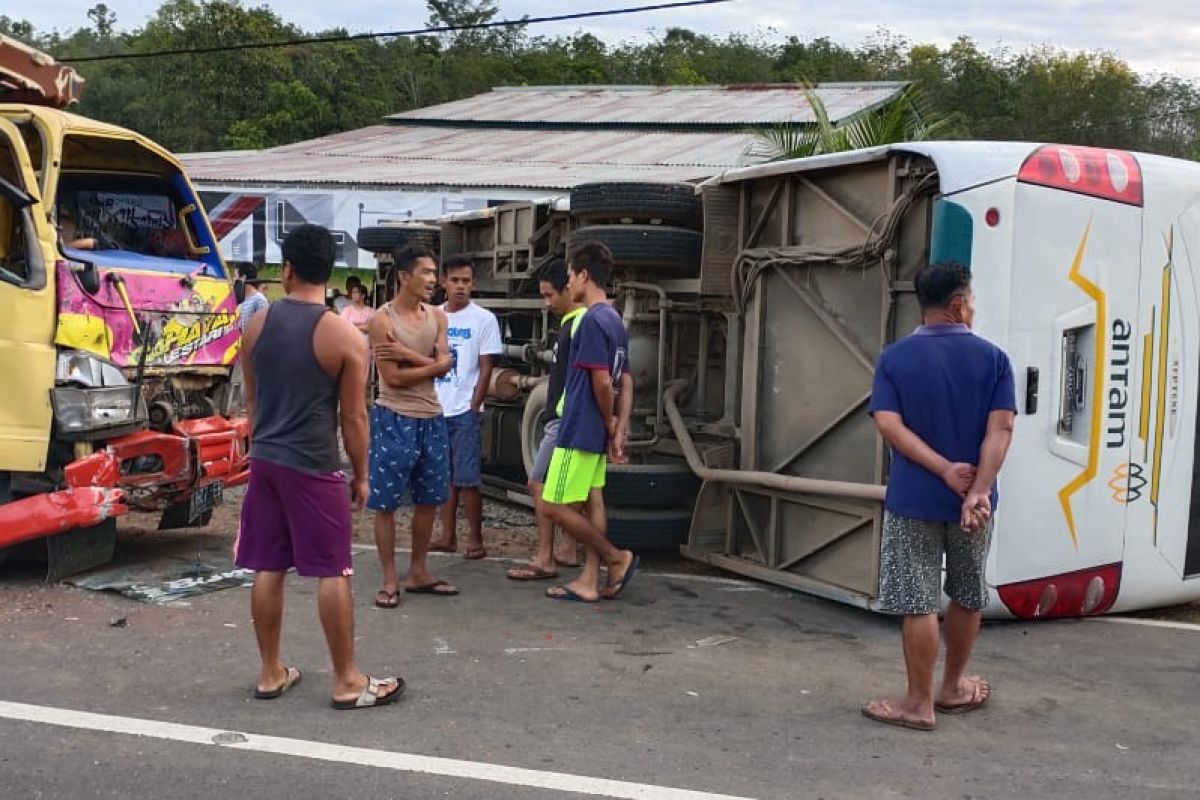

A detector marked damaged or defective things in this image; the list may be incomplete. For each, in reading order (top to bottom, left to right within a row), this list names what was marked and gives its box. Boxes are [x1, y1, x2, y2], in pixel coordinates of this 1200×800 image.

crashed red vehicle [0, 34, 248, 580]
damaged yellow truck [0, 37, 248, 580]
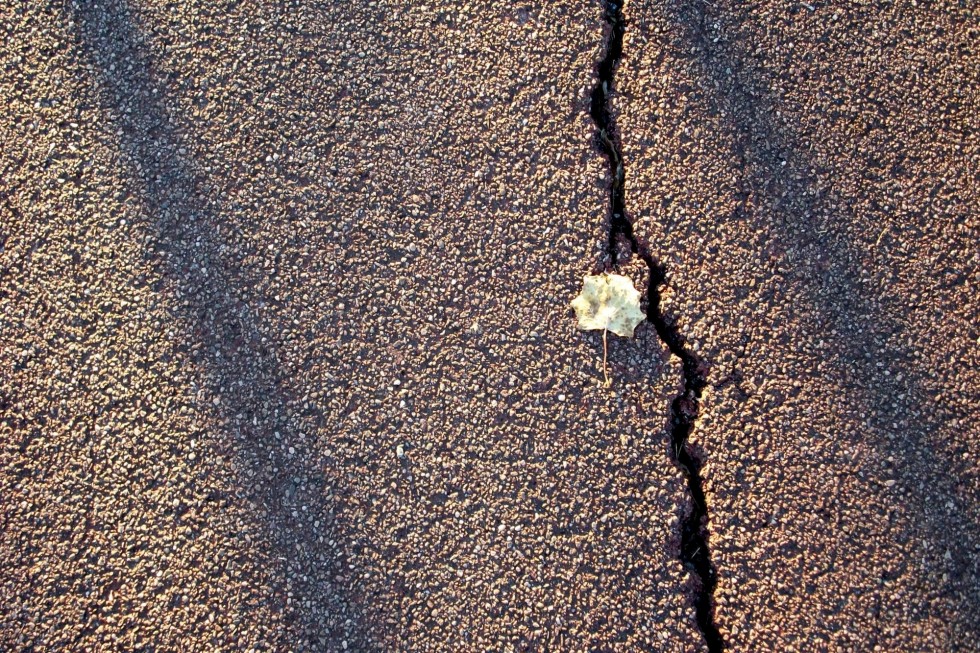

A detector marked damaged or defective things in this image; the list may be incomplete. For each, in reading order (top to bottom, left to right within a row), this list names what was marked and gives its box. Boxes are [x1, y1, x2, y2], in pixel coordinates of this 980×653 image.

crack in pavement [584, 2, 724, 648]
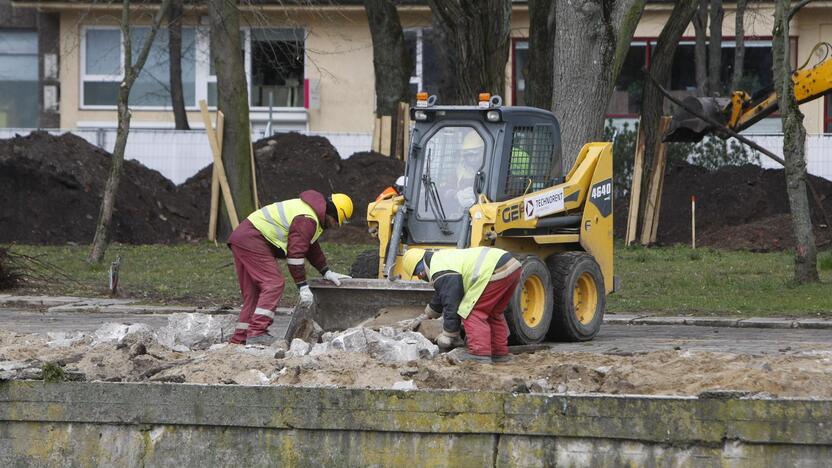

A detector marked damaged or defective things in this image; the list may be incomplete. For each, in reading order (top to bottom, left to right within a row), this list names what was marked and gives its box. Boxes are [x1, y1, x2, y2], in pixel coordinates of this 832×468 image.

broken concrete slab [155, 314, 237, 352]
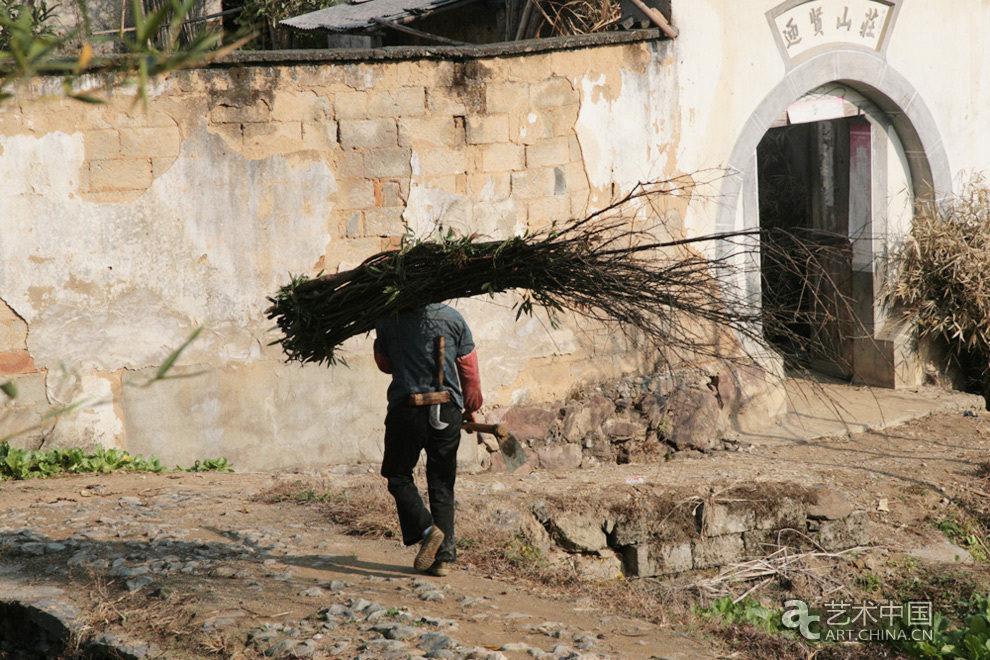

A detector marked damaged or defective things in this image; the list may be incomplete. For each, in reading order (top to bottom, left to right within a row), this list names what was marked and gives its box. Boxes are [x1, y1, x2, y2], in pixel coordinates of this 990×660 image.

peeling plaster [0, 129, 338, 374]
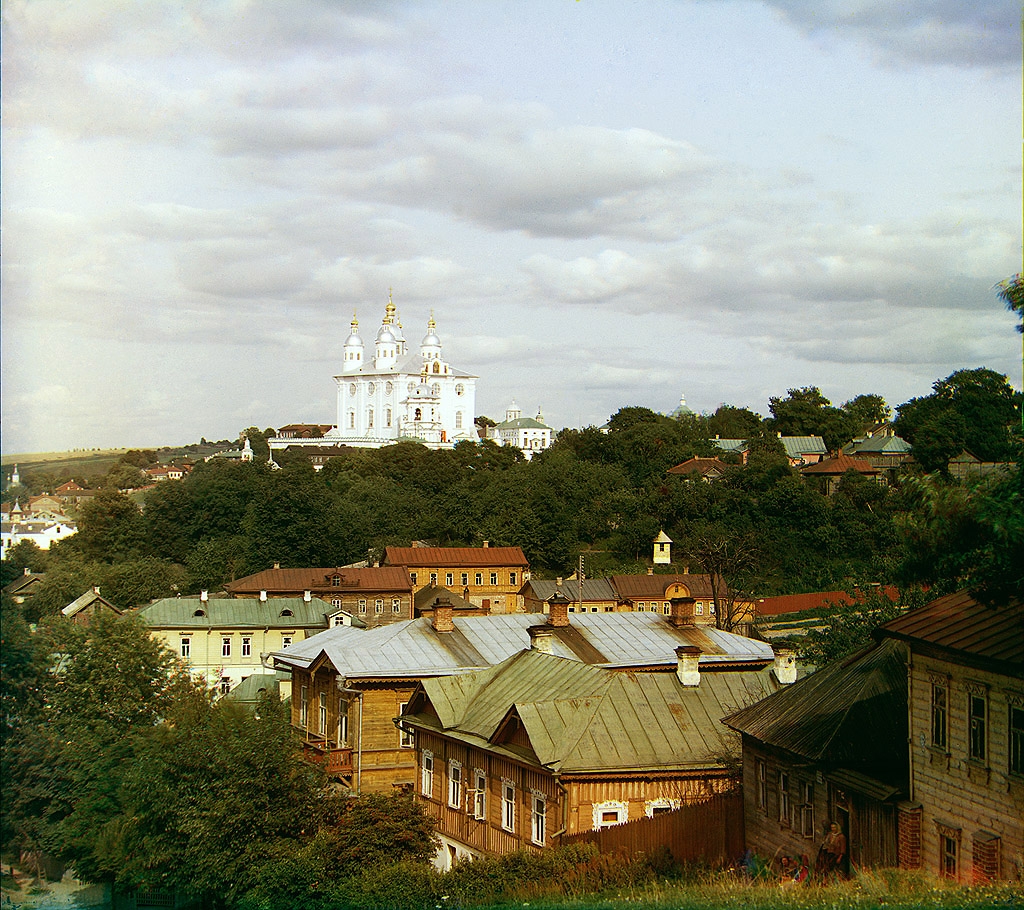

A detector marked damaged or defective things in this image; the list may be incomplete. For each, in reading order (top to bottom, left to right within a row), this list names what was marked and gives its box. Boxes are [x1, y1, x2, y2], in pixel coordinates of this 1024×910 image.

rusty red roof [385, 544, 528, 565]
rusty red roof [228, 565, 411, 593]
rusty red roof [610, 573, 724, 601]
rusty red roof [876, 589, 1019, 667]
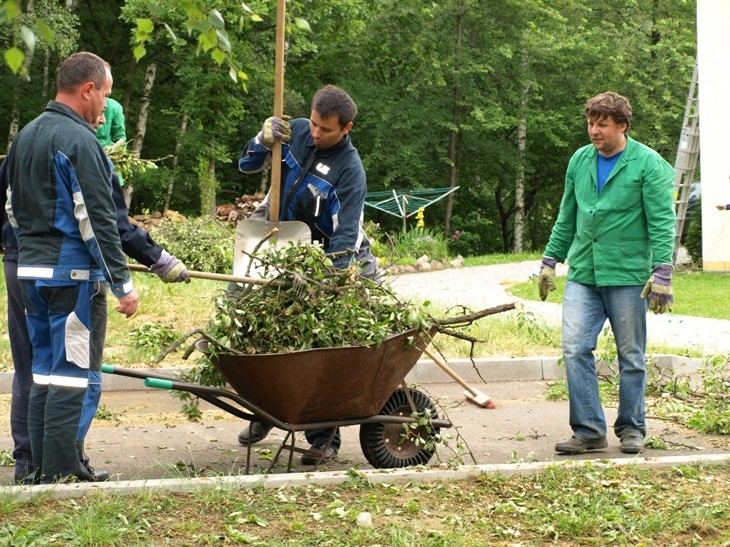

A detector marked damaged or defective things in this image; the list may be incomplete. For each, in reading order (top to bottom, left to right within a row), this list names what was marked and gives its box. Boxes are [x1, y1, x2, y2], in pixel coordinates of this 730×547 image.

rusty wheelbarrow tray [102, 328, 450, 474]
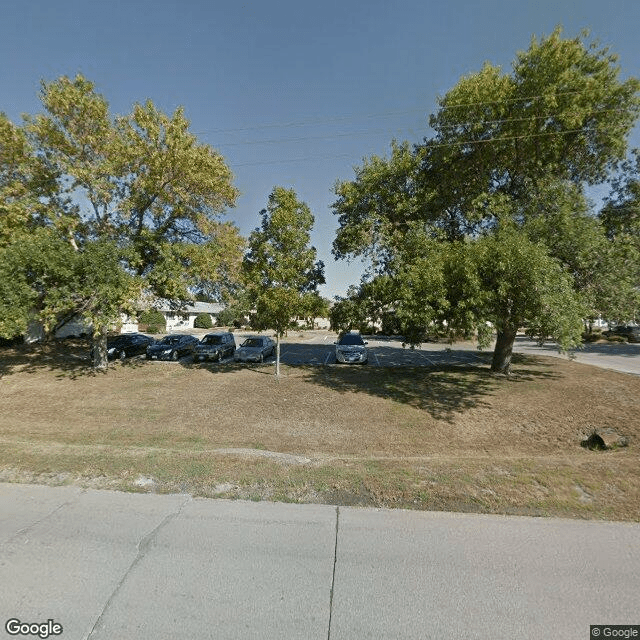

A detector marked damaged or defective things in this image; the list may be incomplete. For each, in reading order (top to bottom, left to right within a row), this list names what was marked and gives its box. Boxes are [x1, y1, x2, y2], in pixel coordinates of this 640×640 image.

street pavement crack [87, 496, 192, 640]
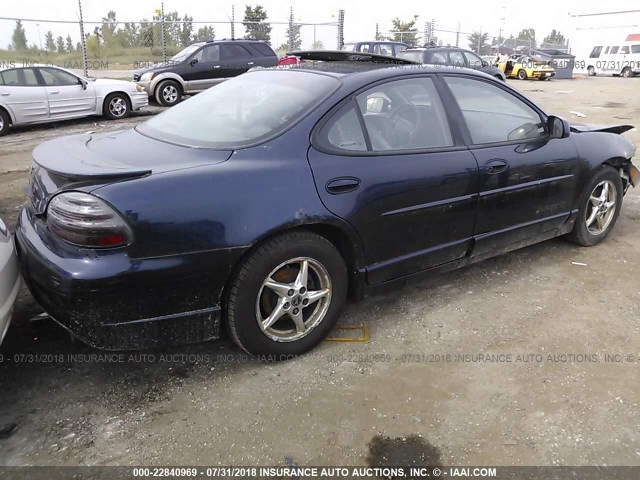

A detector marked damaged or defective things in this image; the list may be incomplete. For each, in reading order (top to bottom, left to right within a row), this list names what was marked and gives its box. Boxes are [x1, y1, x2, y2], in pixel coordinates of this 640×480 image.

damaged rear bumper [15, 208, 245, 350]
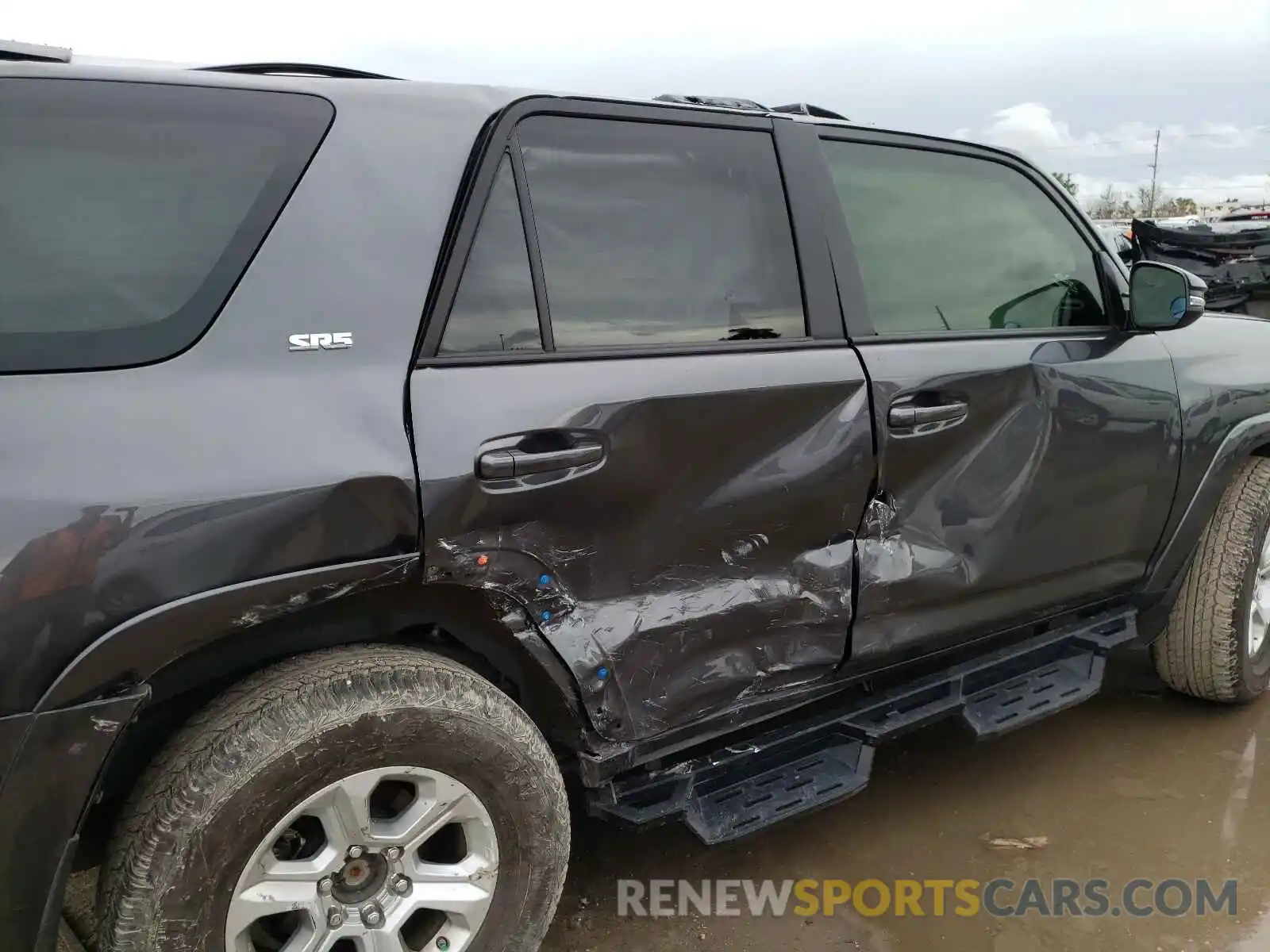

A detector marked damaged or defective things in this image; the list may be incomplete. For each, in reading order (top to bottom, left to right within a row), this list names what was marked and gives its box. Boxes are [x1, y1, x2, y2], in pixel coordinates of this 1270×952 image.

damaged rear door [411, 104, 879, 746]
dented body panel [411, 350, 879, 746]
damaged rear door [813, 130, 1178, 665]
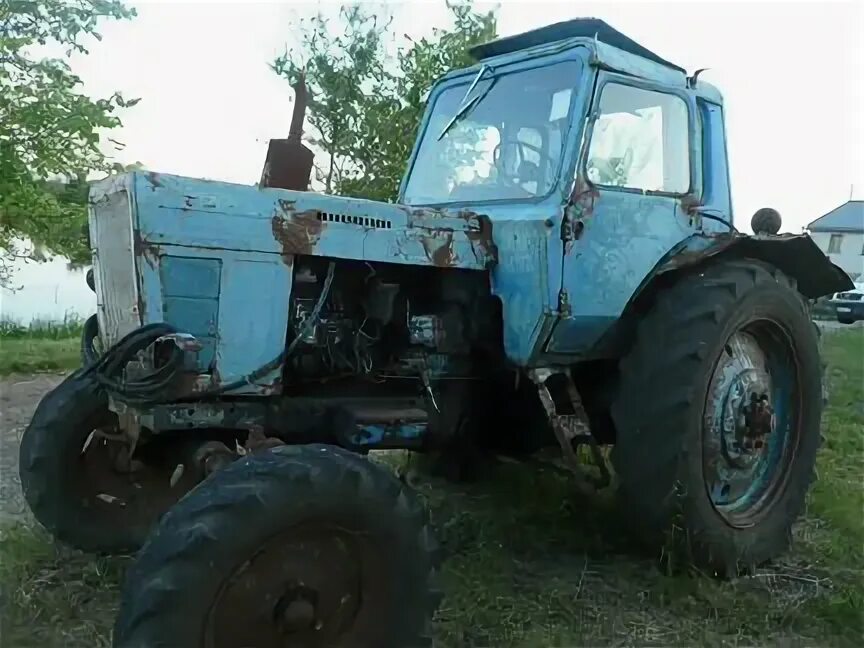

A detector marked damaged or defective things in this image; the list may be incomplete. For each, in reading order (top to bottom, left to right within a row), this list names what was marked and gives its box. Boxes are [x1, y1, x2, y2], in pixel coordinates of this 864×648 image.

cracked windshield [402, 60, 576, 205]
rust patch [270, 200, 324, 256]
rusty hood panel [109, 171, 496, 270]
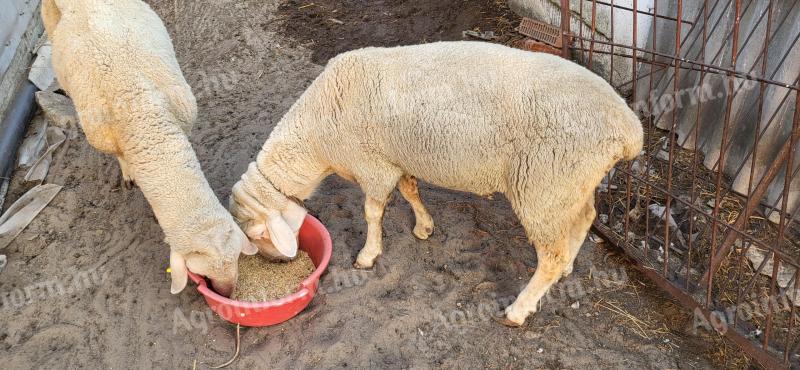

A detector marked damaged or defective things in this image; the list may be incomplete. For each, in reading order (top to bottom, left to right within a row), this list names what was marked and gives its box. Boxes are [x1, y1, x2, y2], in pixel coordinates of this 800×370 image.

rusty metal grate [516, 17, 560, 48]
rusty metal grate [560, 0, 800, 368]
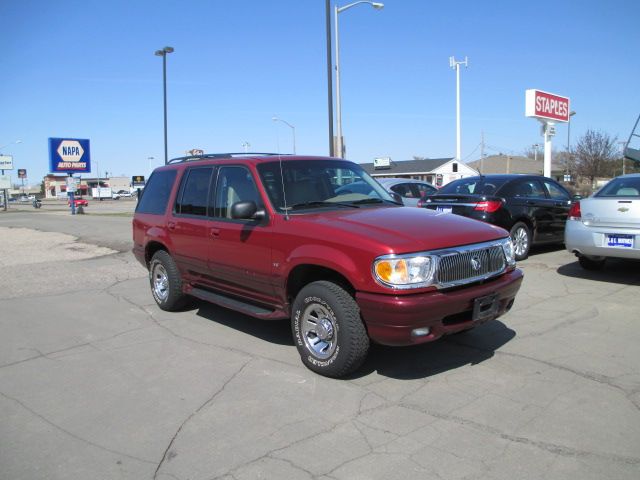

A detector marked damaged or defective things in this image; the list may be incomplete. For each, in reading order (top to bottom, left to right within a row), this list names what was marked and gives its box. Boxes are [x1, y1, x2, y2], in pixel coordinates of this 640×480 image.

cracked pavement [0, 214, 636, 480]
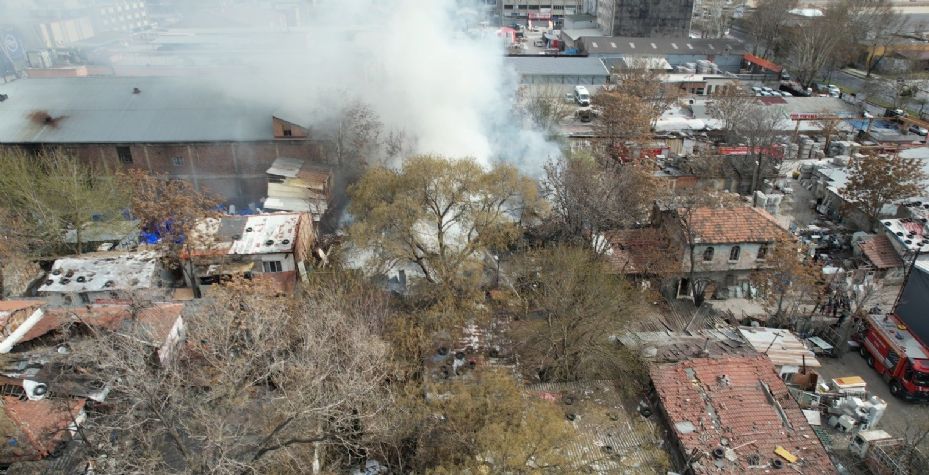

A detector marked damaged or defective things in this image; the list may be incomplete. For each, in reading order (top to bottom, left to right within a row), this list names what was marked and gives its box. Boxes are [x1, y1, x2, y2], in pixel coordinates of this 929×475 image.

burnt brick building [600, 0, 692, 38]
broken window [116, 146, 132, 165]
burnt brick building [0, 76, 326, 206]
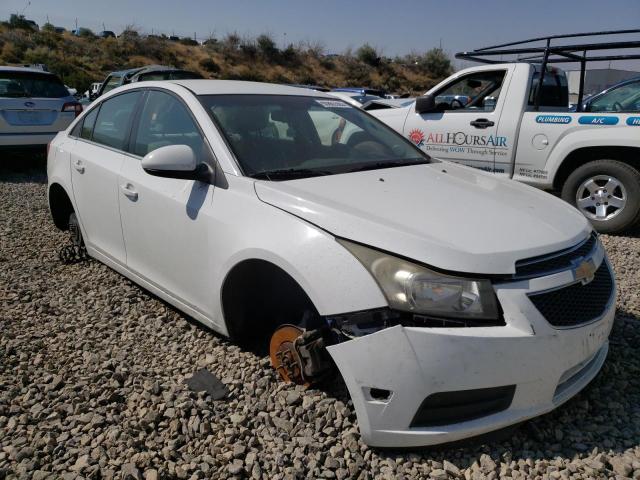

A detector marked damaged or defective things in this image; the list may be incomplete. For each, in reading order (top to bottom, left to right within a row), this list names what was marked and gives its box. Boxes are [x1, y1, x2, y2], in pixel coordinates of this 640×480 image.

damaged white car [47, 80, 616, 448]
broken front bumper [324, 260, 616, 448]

++++++++++++++++++++

◆ **Try it**: With the pictures left aside, write out all of the records above exactly.

◆ **Solution to the problem**:
A detector marked damaged or defective things in this image; the list may be incomplete. For each, in reading order (top to bottom, left to right within a row), this list names what was marked and gives its box. Boxes are [x1, y1, x2, y2], in pixel coordinates of this 1200×800 image.

crashed red vehicle [0, 34, 248, 580]
damaged yellow truck [0, 37, 248, 580]

A detector marked damaged or defective things in this image; the list may be incomplete. For each, in reading order (top to bottom, left to right within a row), this list names what was marked and gives its box. Boxes are [x1, y1, x2, y2], in pixel coordinates of this 980×653 image.

crack in pavement [584, 2, 724, 648]

A detector marked damaged or defective things in this image; the list may be incomplete. For each, in reading order (top to bottom, left to right within a row), this list names what was marked and gives its box. Boxes are [x1, y1, x2, y2], in pixel coordinates of this 832×468 image.

broken concrete slab [155, 314, 237, 352]

A detector marked damaged or defective things in this image; the list may be incomplete. For each, in reading order (top to bottom, left to right within a row), this list names what was marked and gives its box. Boxes are [x1, y1, x2, y2], in pixel coordinates of this 990×660 image.

peeling plaster [0, 129, 338, 374]

A detector marked damaged or defective things in this image; the list may be incomplete. For each, in reading order (top to bottom, left to right within a row), this list names what was marked and gives its box. Boxes are [x1, y1, x2, y2], in pixel coordinates of this 1024×910 image.

rusty red roof [385, 544, 528, 565]
rusty red roof [228, 565, 411, 593]
rusty red roof [610, 573, 724, 601]
rusty red roof [876, 589, 1019, 667]

A detector marked damaged or defective things in this image; the list may be incomplete. For each, in reading order (top to bottom, left to right within a row), this list names what was marked and gives its box. Boxes are [x1, y1, x2, y2], in pixel coordinates of this 730×547 image.

rusty wheelbarrow tray [102, 328, 450, 474]

A detector marked damaged or defective things in this image; the list may be incomplete. For each, in reading order (top to bottom, left to right within a row), this list names what was marked and gives its box. Boxes are [x1, y1, x2, y2], in pixel coordinates of this 640×640 image.

street pavement crack [87, 496, 192, 640]

A detector marked damaged or defective things in this image; the list may be incomplete. For each, in reading order (top to bottom, left to right within a row), this list names what was marked and gives its box. Boxes are [x1, y1, x2, y2], in pixel coordinates of this 640×480 image.

damaged rear bumper [15, 208, 245, 350]

A detector marked damaged or defective things in this image; the list may be incomplete. For each, in reading order (top to bottom, left to right within a row), this list names what was marked and gives its box. Boxes are [x1, y1, x2, y2], in pixel coordinates of this 1270×952 image.

damaged rear door [411, 104, 879, 746]
dented body panel [411, 350, 879, 746]
damaged rear door [813, 130, 1178, 665]

A detector marked damaged or defective things in this image; the list may be incomplete. For each, in reading order (top to bottom, left to right within a row), this list names what was marked and gives its box. Boxes are [x1, y1, x2, y2], in pixel coordinates of this 864×648 image.

cracked windshield [402, 60, 576, 205]
rust patch [270, 200, 324, 256]
rusty hood panel [109, 171, 496, 270]

A detector marked damaged or defective things in this image; the list may be incomplete. For each, in reading order (top to bottom, left to right within a row), this list names what was marked and gives its box. Boxes are [x1, y1, x2, y2], in pixel coordinates of this 800×370 image.

rusty metal grate [516, 17, 560, 48]
rusty metal grate [560, 0, 800, 368]

A detector marked damaged or defective things in this image; the list may be incomplete. For each, in reading order (top to bottom, left to right within a row), this list names what was marked and gives its box. Boxes are [x1, y1, x2, y2], in pixel coordinates of this 640×480 image.

cracked pavement [0, 214, 636, 480]

A detector marked damaged or defective things in this image; the list may be incomplete. For each, in reading order (top to bottom, left to right within a row), this list names what was marked and gives its box. Boxes are [x1, y1, x2, y2], in pixel coordinates of this 929×475 image.

burnt brick building [600, 0, 692, 38]
broken window [116, 146, 132, 165]
burnt brick building [0, 76, 326, 206]

A detector marked damaged or defective things in this image; the list may be incomplete. For each, in reading order (top to bottom, left to right within a row), this list names what was marked and gives its box. Boxes are [x1, y1, x2, y2], in pixel coordinates of this 640×480 image.

damaged white car [47, 80, 616, 448]
broken front bumper [324, 260, 616, 448]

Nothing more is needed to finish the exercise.